Omit all images, then repeat exactly the lines below from the one containing "StarTech.com 6.6 ft" through the one containing "颈饰未镶嵌和田玉冰湖水 山水牌 351", both ends included.

Stored items
┄┄┄┄┄┄
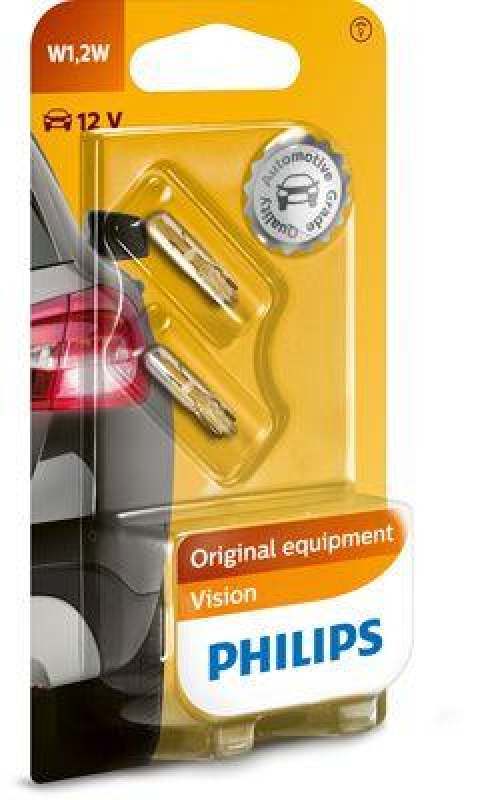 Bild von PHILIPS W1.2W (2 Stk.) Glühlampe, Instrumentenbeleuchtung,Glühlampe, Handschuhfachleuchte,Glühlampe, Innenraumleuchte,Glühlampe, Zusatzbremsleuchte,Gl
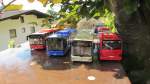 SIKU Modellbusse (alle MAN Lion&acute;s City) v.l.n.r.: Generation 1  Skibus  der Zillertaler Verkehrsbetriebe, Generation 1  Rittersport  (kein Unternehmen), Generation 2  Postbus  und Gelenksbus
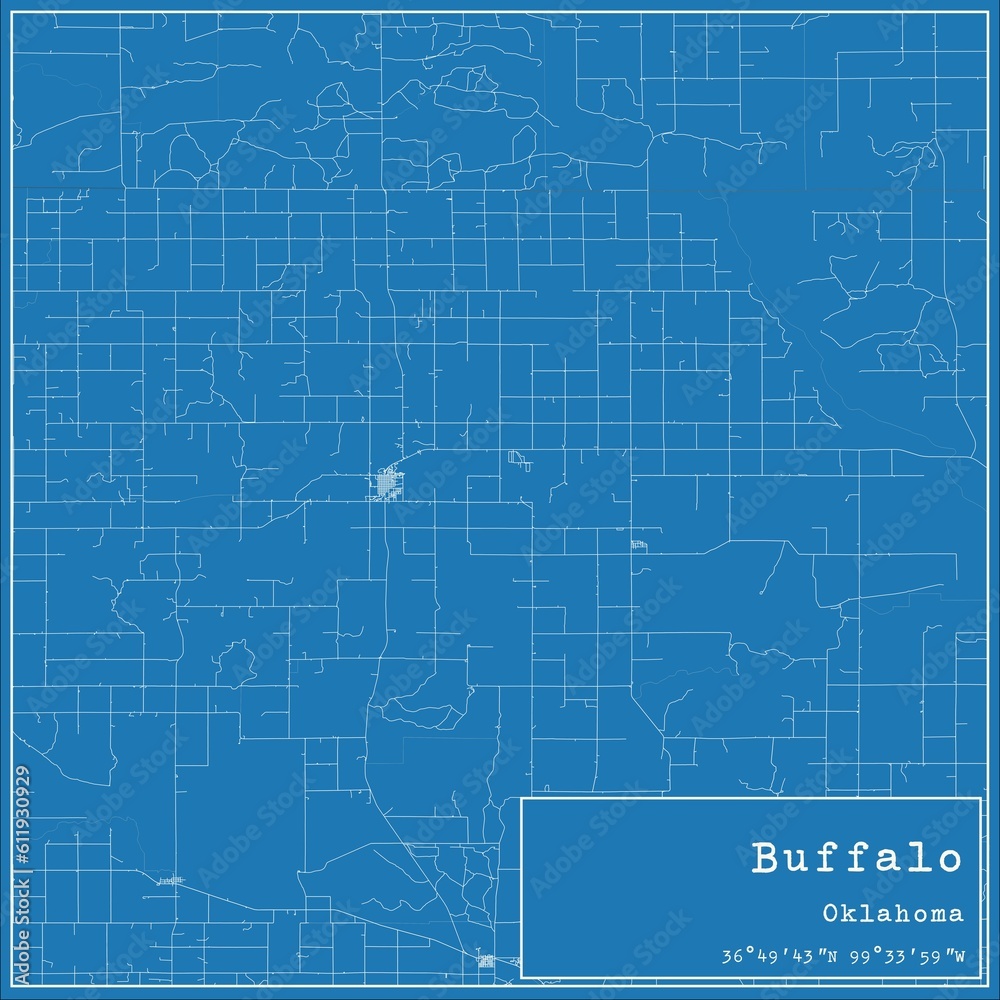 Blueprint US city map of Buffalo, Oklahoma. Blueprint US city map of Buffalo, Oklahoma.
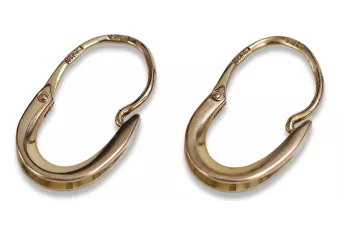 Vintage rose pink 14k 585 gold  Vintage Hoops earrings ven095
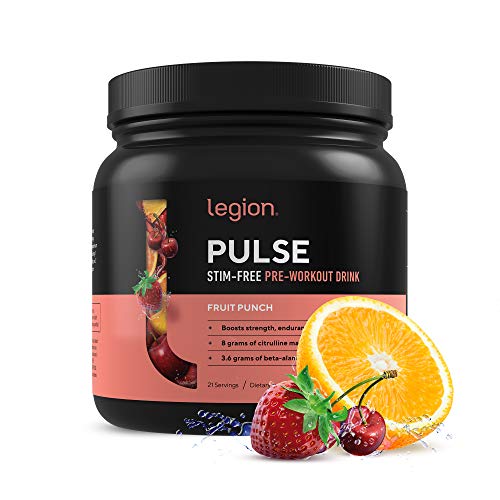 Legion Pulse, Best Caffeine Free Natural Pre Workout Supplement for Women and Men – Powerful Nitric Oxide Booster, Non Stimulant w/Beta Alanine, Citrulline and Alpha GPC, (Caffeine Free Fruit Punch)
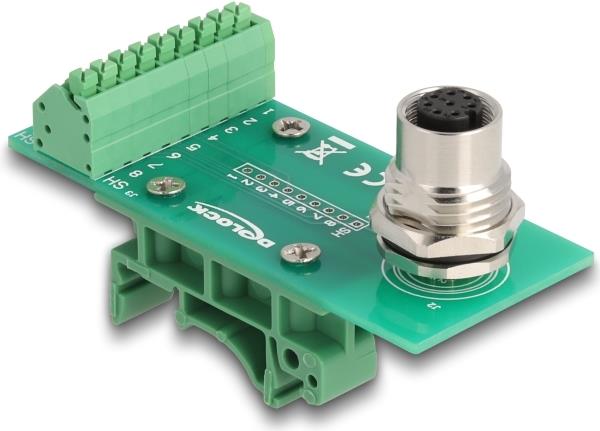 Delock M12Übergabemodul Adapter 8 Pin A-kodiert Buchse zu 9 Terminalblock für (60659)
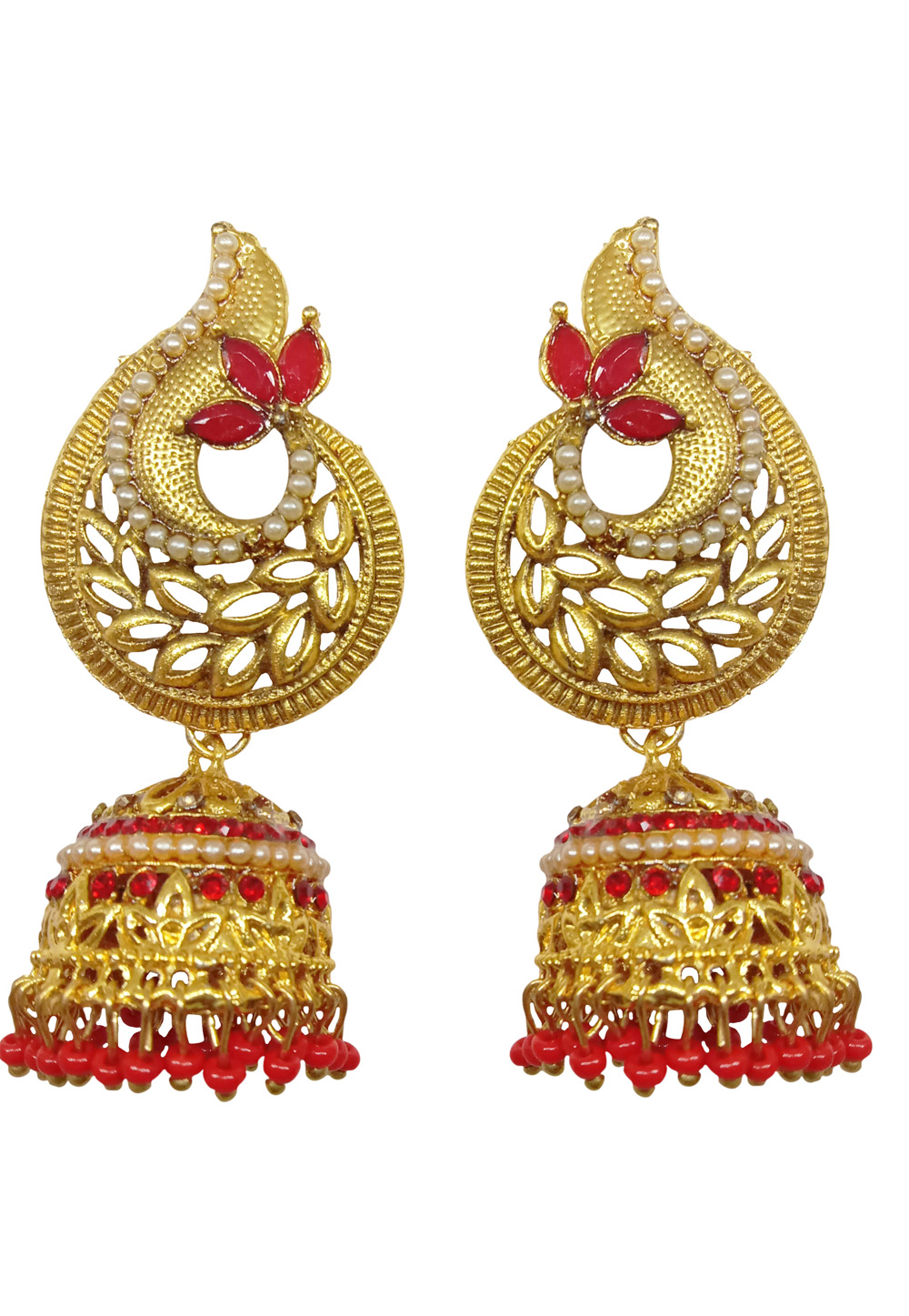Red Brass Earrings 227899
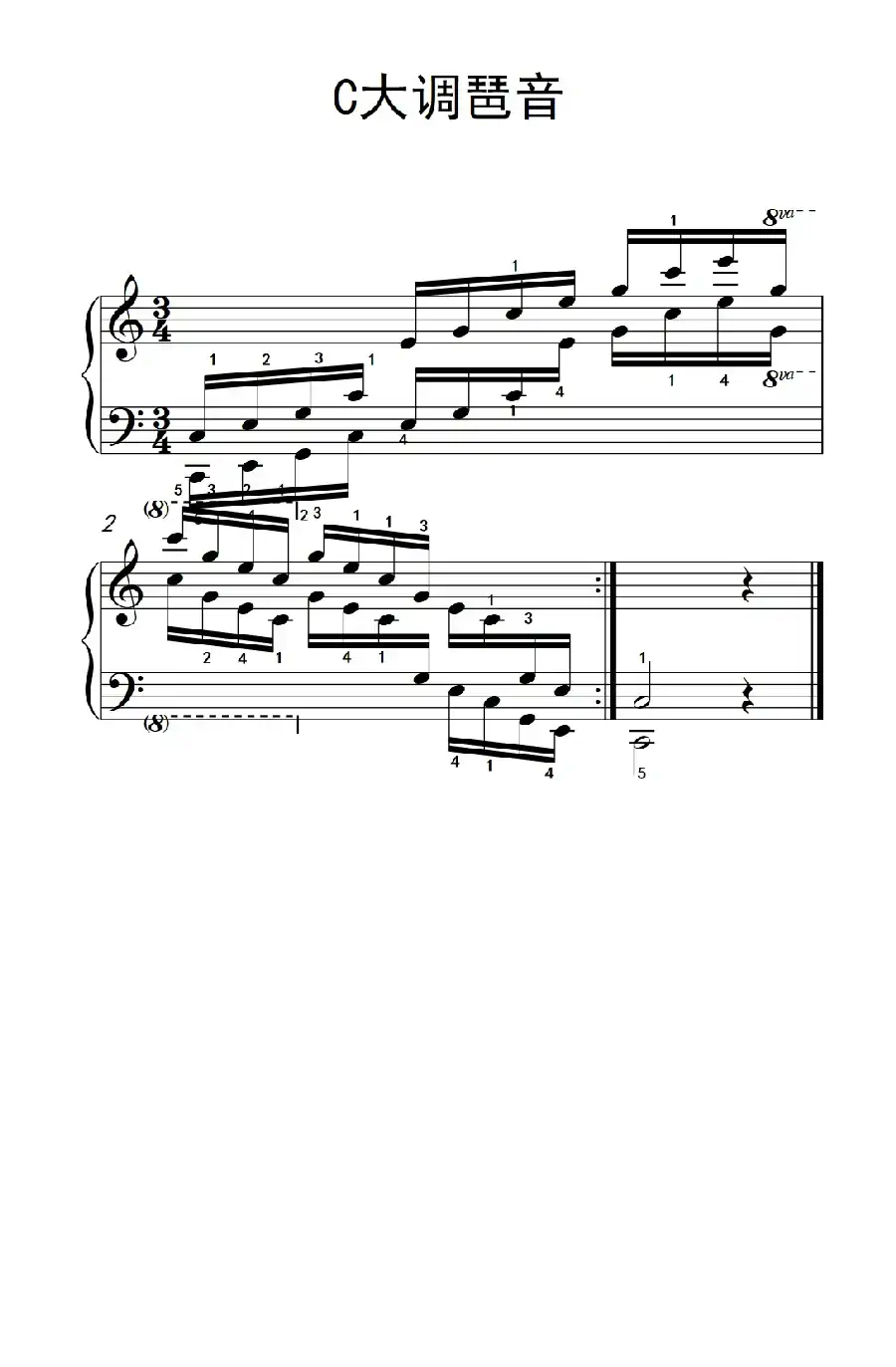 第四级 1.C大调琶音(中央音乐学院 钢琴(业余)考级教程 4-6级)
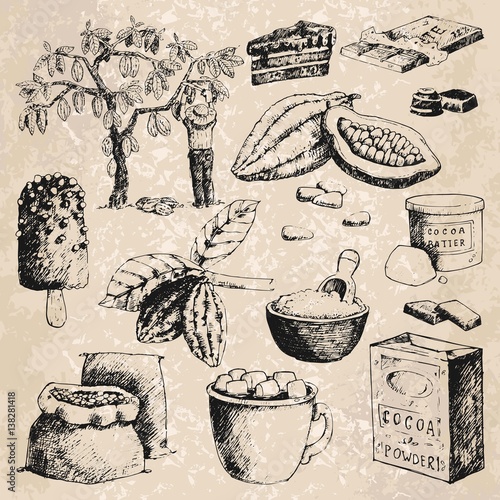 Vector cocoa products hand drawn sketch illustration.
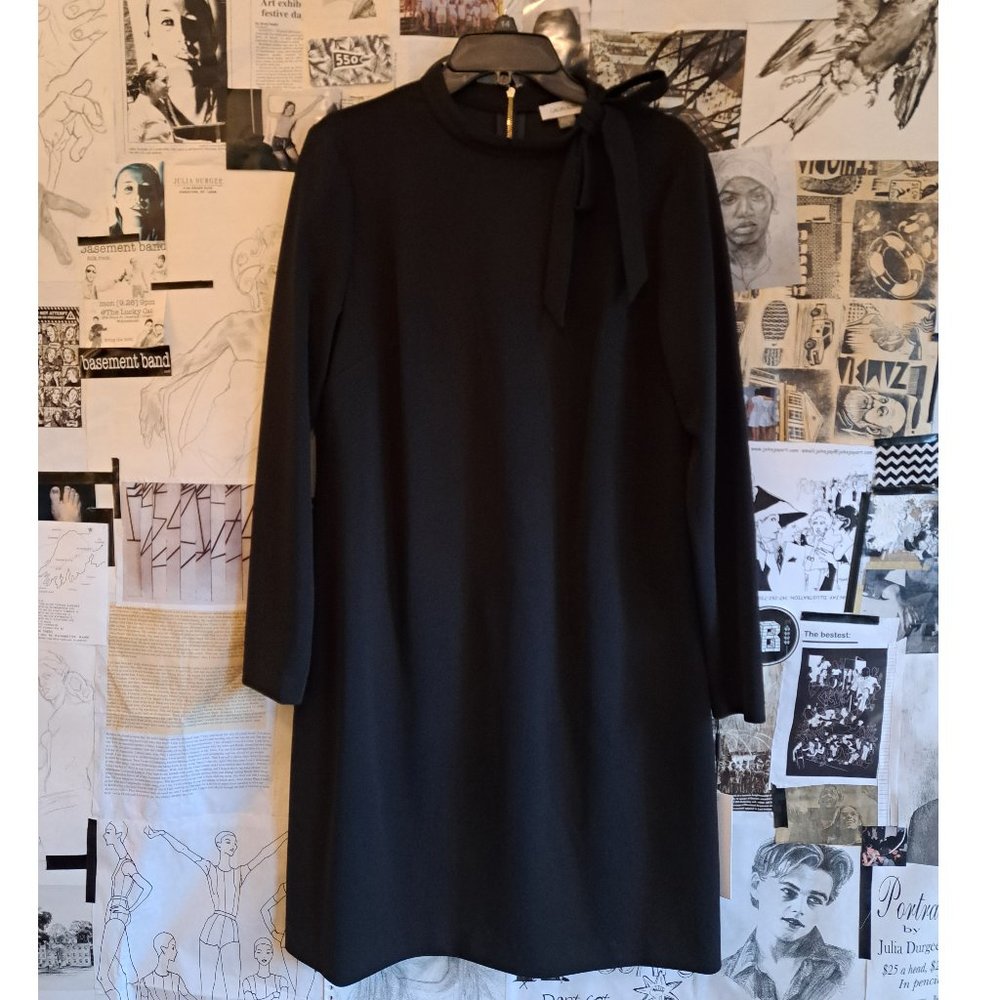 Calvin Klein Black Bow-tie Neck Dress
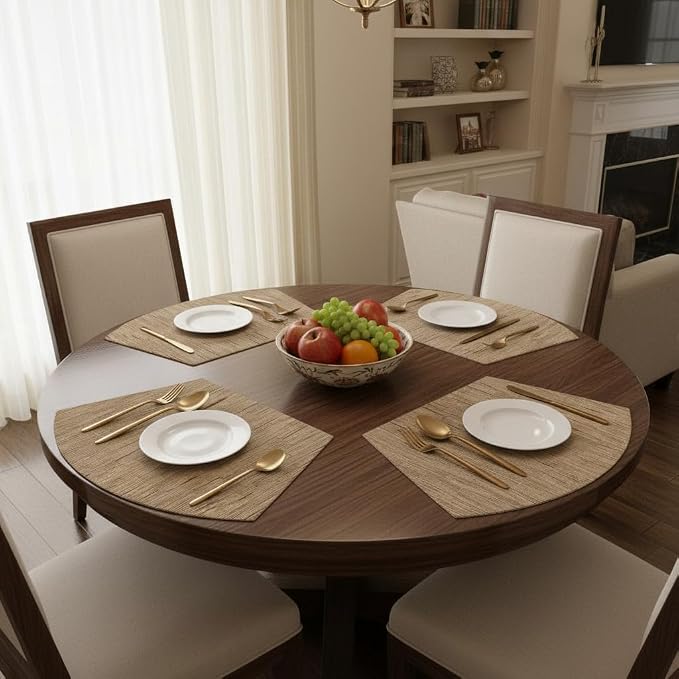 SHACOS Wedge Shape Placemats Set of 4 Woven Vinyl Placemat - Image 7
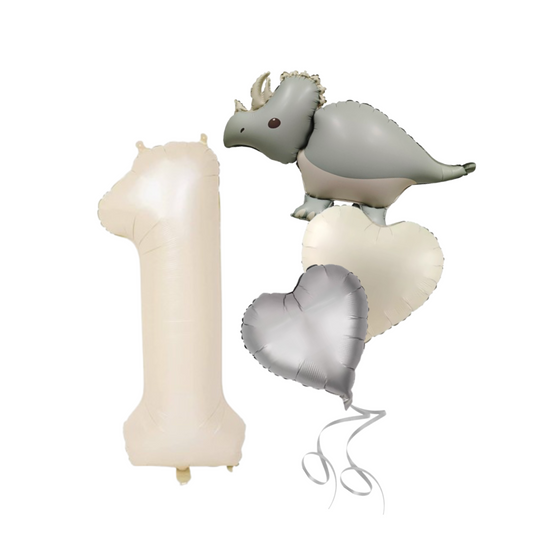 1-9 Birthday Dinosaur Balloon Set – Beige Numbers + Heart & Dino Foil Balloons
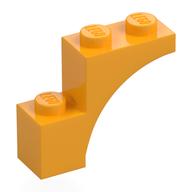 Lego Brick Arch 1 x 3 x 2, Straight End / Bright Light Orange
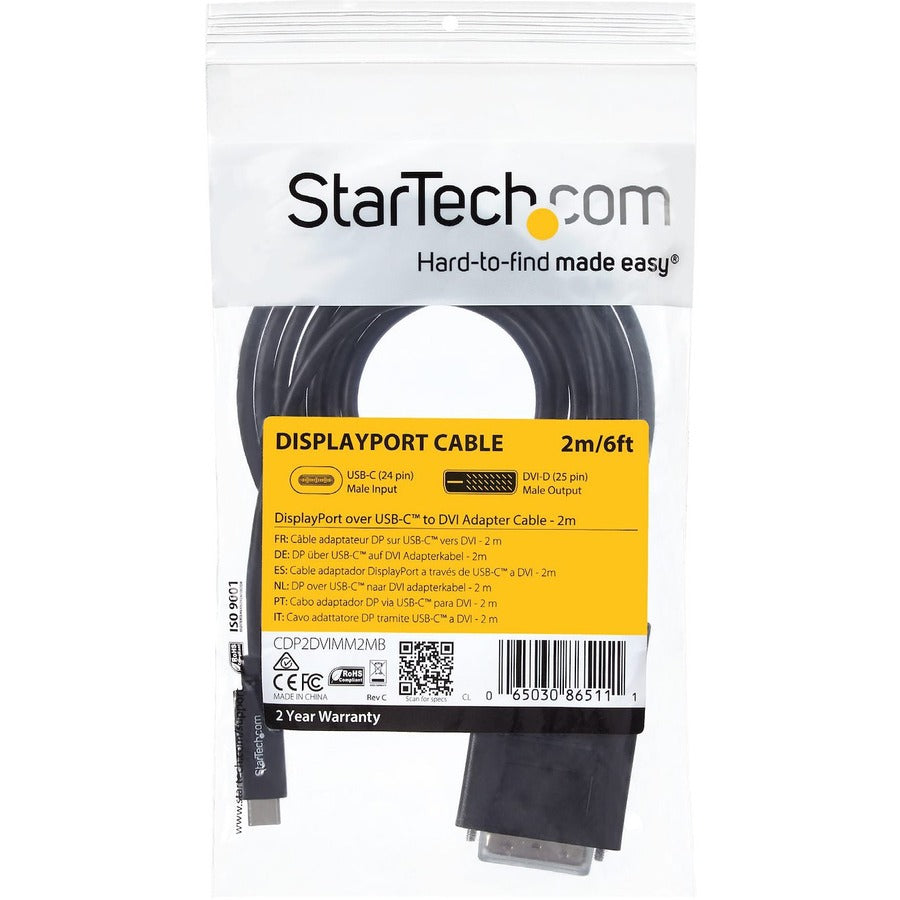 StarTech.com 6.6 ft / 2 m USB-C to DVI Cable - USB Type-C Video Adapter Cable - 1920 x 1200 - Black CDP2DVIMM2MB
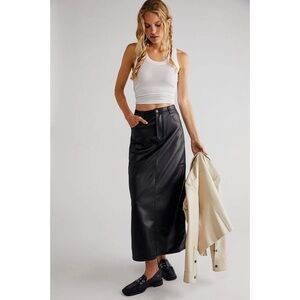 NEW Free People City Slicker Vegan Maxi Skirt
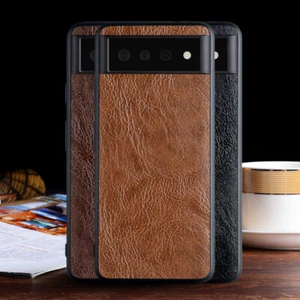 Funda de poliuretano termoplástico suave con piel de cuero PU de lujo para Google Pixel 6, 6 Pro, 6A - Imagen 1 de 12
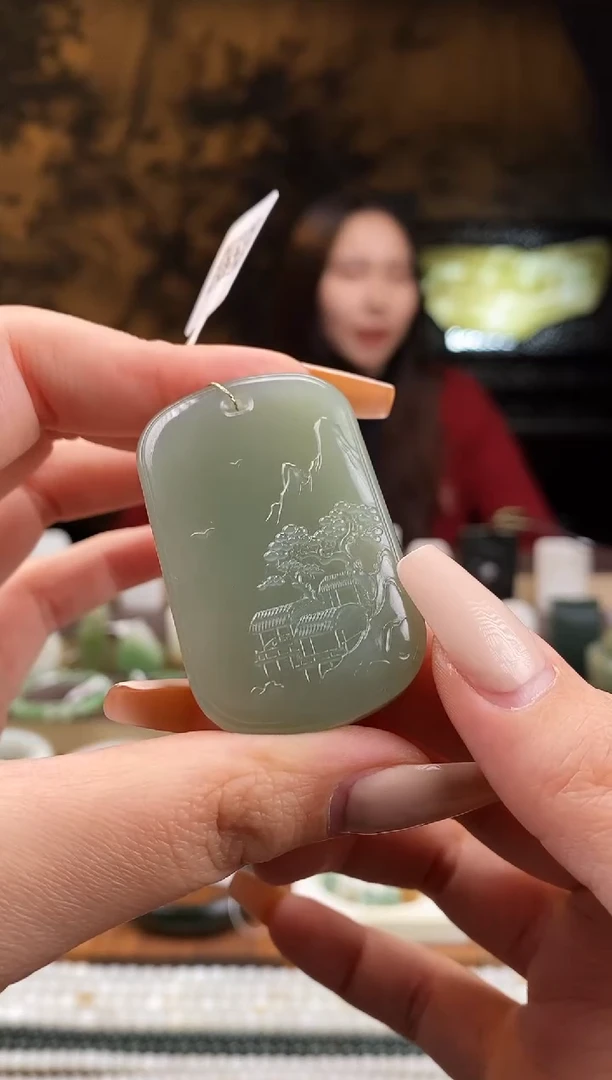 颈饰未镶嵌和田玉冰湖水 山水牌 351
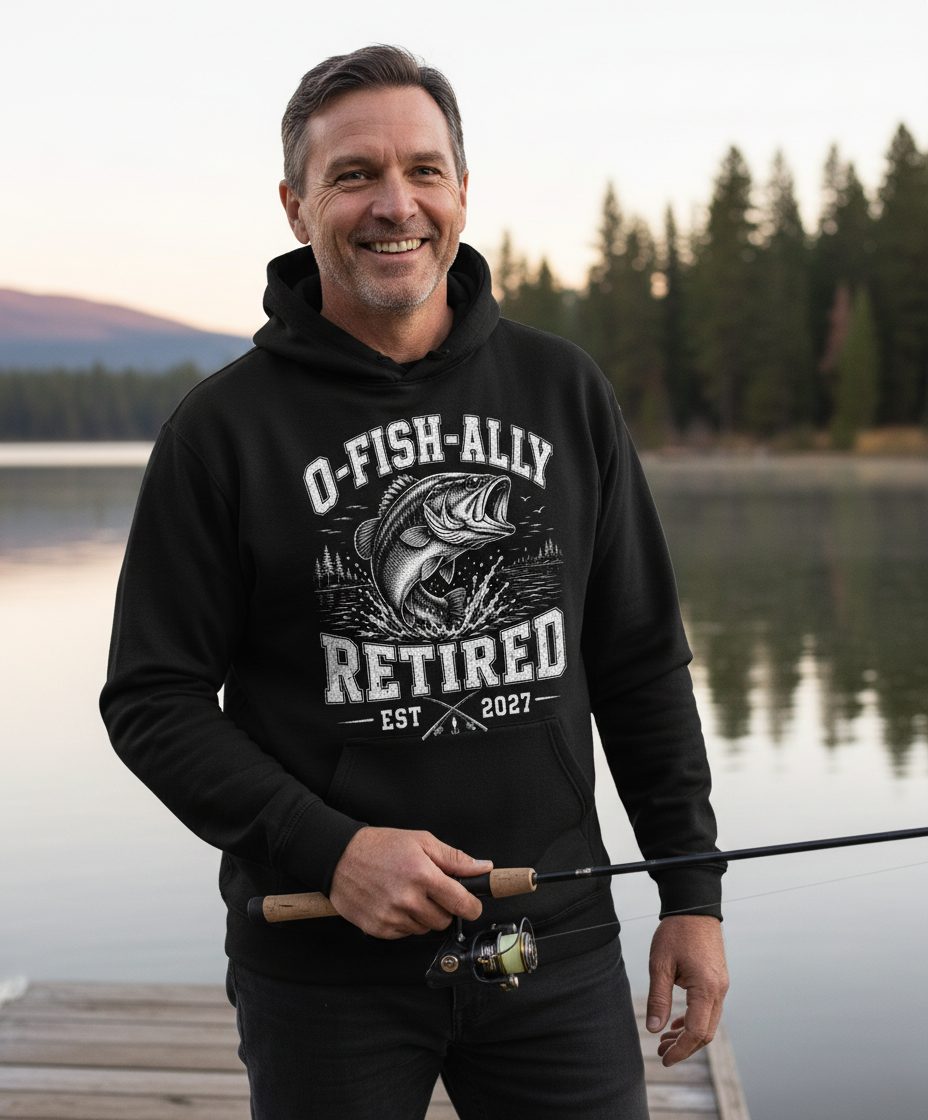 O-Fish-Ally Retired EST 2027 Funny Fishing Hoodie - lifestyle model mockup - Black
┄┄┄┄┄┄
| WRITTEN RESPONSE |
 StarTech.com 6.6 ft / 2 m USB-C to DVI Cable - USB Type-C Video Adapter Cable - 1920 x 1200 - Black CDP2DVIMM2MB
 NEW Free People City Slicker Vegan Maxi Skirt
 Funda de poliuretano termoplástico suave con piel de cuero PU de lujo para Google Pixel 6, 6 Pro, 6A - Imagen 1 de 12
 颈饰未镶嵌和田玉冰湖水 山水牌 351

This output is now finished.